Monday, May 13, 2013







 A purge, a cleansing, a purification or a catharsis....whatever you like. Cass and I began today to do just that in our professional lives, as today was set aside as a packing day for our imminent move from the classrooms we've occupied for 11 and 12 years respectively. Oh, what a mixed feeling! Glad to be free of unwanted goods, but awful wading through the dusty back crannies and crevices in our cupboards, bookshelves and drawers to discover the most ridiculous of "keepsakes". In a professional setting, we've discovered we've both hoarded the silliest things. We pride ourselves on our minimalist living at home, but we wonder what is lurking in those back cupboards and wardrobes!

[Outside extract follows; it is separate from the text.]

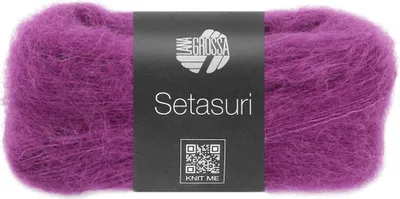 Produktbild von Lana Grossa - Setasuri 0066 fuchsia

I've been most conflicted about how to dispose of professional books and materials that have laid idle for up to a decade. I did many courses in rapid succession when we first arrived and the two master's degrees obtained came with a cost of at least one textbook from each course taken, sometimes significantly more. All up, I had more than 50 texts! The education sphere spins on a giddy cycle, and when it comes around again, the material, while not really ground-breaking, has been rebadged and packaged to appeal to the modern teacher's taste for something "new". So, therefore, these lumpy tomes are unwanted and superfluous. Luckily, a "picker" amongst our colleagues noticed the growing piles of said reference books and started some boxes to accommodate them: I filled three to the brim without another's contribution!

Kids' books and materials were a different matter: we are boxing them up to be sent to needier schools in Taiwan or overseas and the stack of boxes continues to mount. Well resourced schools like ours can afford to get the latest and greatest at regular intervals, but we don't have a purge like this very often. Due to the new high school building now being in full operation, the middle and lower schools are "migrating" into some of their old spaces. Cass and I are both sad to leave our current spaces, but we've been lucky to stay put as long as we have, I suppose. I'll be moving to a purpose renovated "half" class, split down the middle which will result in a long narrow room: not the ideal teaching space in my opinion but the powers that be have different ideas. Cass will move down a floor and away to the south. Her space is similar in size, but the orientation has thrown her a bit: it's the opposite to what she had before! The movers will move all the boxes over June/July while we're on our long break and we'll have all the immense joy of unpacking and setting up again when we get back in August!

This weekend was a soggy sock of a thing and although we managed to get out and away to the magnificent Pizzeria Oggi on Saturday, we stayed pretty much inside in the dry. We watched multiple episodes of the critically acclaimed "Top of the Lake" and were excited to spot scenes filmed in Queenstown and Naseby, reminding us of our trip there with Ross and Ains.

Even though the end of the semester is still 4 weeks away, there are signs (apart from our packing) that the school year is starting its inexorable hurtle downhill to the finish line. Cass is moving into the last units of study with her kids and I'm actually involved in one-on-one testing all this week. After that in the next couple of weeks, we'll be tasked with grading and report writing, all the while fulfilling our social obligations with the obligatory whirl of year-end parties and farewells. We'll definitely be ready to get on that plane in early June!

Photos: one of my 5th graders goes Spiderman near the toilets, that "stiletto" is actually made totally from sugar and adorned a colleague's 30th birthday cake! Cass cracked the next to last bottle of precious Peck's. Mary loves her box (specially imported from Germany with my "lost" puffy jacket inside!) while Virg yawns and poses for a facial close-up.